Natal di Jepang bukan perayaan agama, melainkan lebih identik pada budaya dan tradisi masyarakat Jepang. Walau populasi umat Kristiani sedikit, hanya 1% dari jumlah populasi masyarakat Jepang, namun perayaan natal di Jepang tetap meriah. Banyak warga nonKristiani Jepang yang turut merayakannya sebagai bagian dari tradisi dan budaya mereka.[1][2]
Budaya natal di Jepang diyakini telah ada sejak tahun 1552 saat misionaris Jesuit tiba di Prefektur Yamaguchi. Versi lain menyatakan bahwa natal telah ada di Jepang sejak 1549 dan dibawa oleh Saint Francis Xavier saat berkunjung ke Jepang. Sementara itu Santa Klaus telah dikenal oleh anak-anak di Jepang sejak zaman Edo pada abad ke-16 dan 17.[2]
Sejak awal Desember, Jepang telah mempersiapkan berbagai perayaan natal. Kota-kota di Jepang akan dihiasi dengan pohon natal.
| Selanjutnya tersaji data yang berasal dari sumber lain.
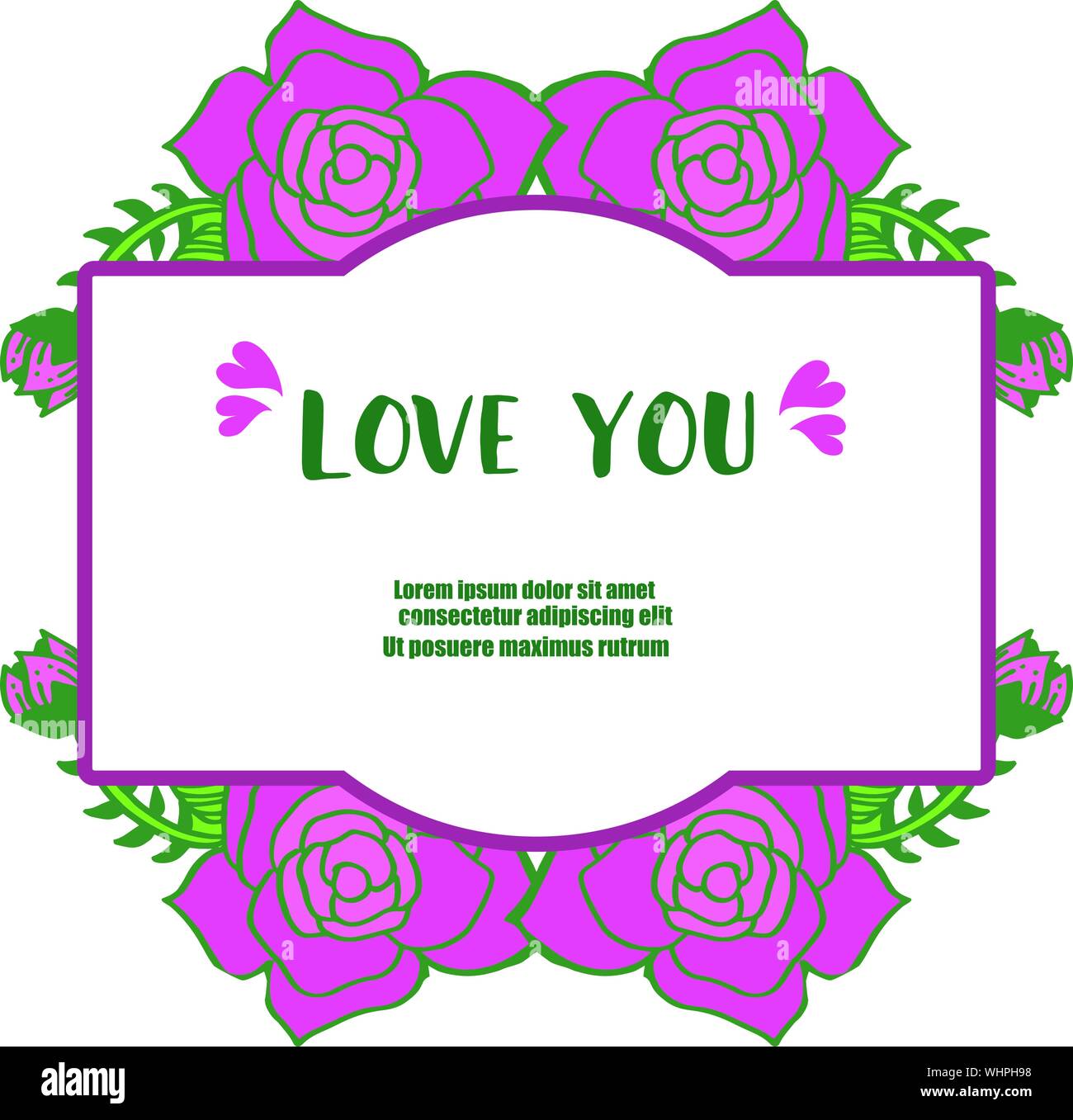 Various Shape Frame With Cute Rose Flower For Banner Love You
Kemudian lagu "Kurisumasi ibu" (Christmas eve) dari Yamashita Tatsuro juga akan menjadi lagu yang paling sering disiarkan di Jepang selama Desember. Seperti di Indonesia, berbagai acara dan program TV berkaitan dengan natal juga disiarkan.[2]
Warga Jepang punya sejumlah tradisi dalam menyambut malam natal. Pasangan di Jepang akan menganggap natal sebagai hari yang romantis layaknya hari valentine. Mereka akan bertukar hadiah. Namun bagi orang Jepang yang masih single, maka mereka akan menganggap natal sebagai momen yang tepat untuk mendapatkan pasangan.[2]
Orang Jepang juga merayakan malam natal dengan kue tart stoberi dan ayam goreng. Sebagian dari mereka akan menyantap kue tart stoberi secara bersama dan terkadang diberikan sebagai hadiah untuk teman atau saudara. Sebagian lainnya akan merayakannya dengan memakan ayam. Mereka tidak memasak ayam sendiri karena beranggapan bahwa itu tidak praktis. Oleh karena itu budaya malam natal di Jepang identik dengan makan di KFC (Kentucky Fried Chicken). Kebiasaan masyarakat Jepang mampir ke KFC saat malam natal tiba tak terlepas dari promosi KFC "Kurisumasi ni wa kentakii" (KFC untuk natal) pada 1974.[1]